What is default index analyzer?

I though default analyzer is "standard" analyzer, but per my following experimentation, seems not.

  1. Create index with customized standard analyzer which included a pattern_capture filter to split words by "." or "_"
POST / myindex
{
      "settings" : {
        "analysis" : {
          "filter" : {
            "customsplit" : {
              "type" : "pattern_capture",
              "preserve_original" : 1,
              "patterns" : [
                "([^_.]+)"
              ]
            }
          },
          "analyzer" : {
            "standard" : {
              "tokenizer" : "standard",
              "filter" : [
                "lowercase",
                "customsplit"
              ]
            }
          }
        }
      },
      "mappings" : {
        "docs" : {
          "properties" : {
            "Url" : {
              "type" : "string"
            }
          }
        }
      }
    }
  1. Insert one doc to myindex
POST /myindex/docs/1
{
	"Url": "www.xyz.com"
}

Per _analyze API, the standard analyzer used by myindex DOES split the word by "."

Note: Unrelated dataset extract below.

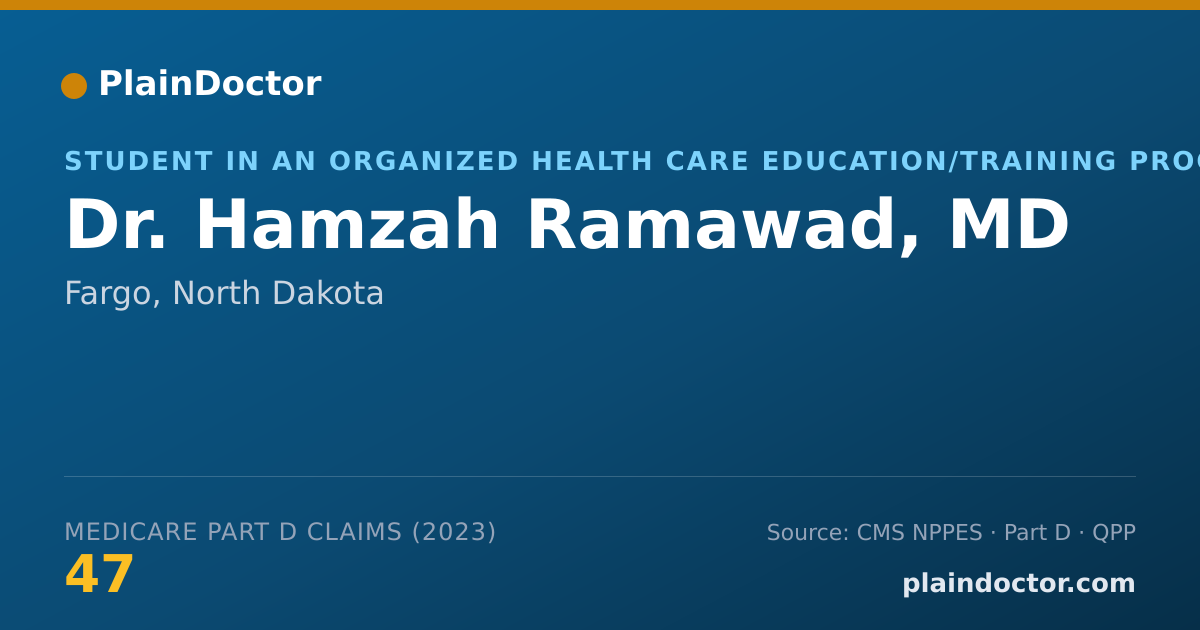 Shareable card for Hamzah Ramawad, MD - Student in an Organized Health Care Education/Training Program, Fargo, ND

GET /myindex/_analyze?analyzer=standard&text=www.xyz.com

output:

{
      "tokens": [
        {
          "token": "www.xyz.com",
          "start_offset": 0,
          "end_offset": 11,
          "type": "<ALPHANUM>",
          "position": 1
        },
        {
          "token": "www",
          "start_offset": 0,
          "end_offset": 11,
          "type": "<ALPHANUM>",
          "position": 1
        },
        {
          "token": "xyz",
          "start_offset": 0,
          "end_offset": 11,
          "type": "<ALPHANUM>",
          "position": 1
        },
        {
          "token": "com",
          "start_offset": 0,
          "end_offset": 11,
          "type": "<ALPHANUM>",
          "position": 1
        }
      ]
    }

BUT, the problem is, if I search "xyz" from myindex, nothing returned:

POST /myindex/_search
{
 "query": {
  "match": {
    "Url": "xyz"
  }
 }
}

BUT, if I explicitly set the analyzer to "standard" in index mapping:

mappings": {
  "docs": {
    "properties": {
      "Url": {
        "type": "string",
        "analyzer": "standard"
      }
    }
  }

Then searching "xyz" can return the documents.

SO my question is: Is "standard" really default analyzer of ES index? if NOT, how to set default analyzer?

Or anything wrong in my above testing steps, if standard is indeed the default analyzer?

Please format your code using </> icon as explained in this guide. It will make your post more readable.

The standard analyzer is explained here: https://www.elastic.co/guide/en/elasticsearch/reference/5.1/analysis-standard-analyzer.html

As per https://www.elastic.co/guide/en/elasticsearch/reference/5.1/analysis.html#_specifying_an_index_time_analyzer, the default analyzer is the standard one.

Thanks David.
Yes, per ES reference, "standard" analyzer should be default analyzer.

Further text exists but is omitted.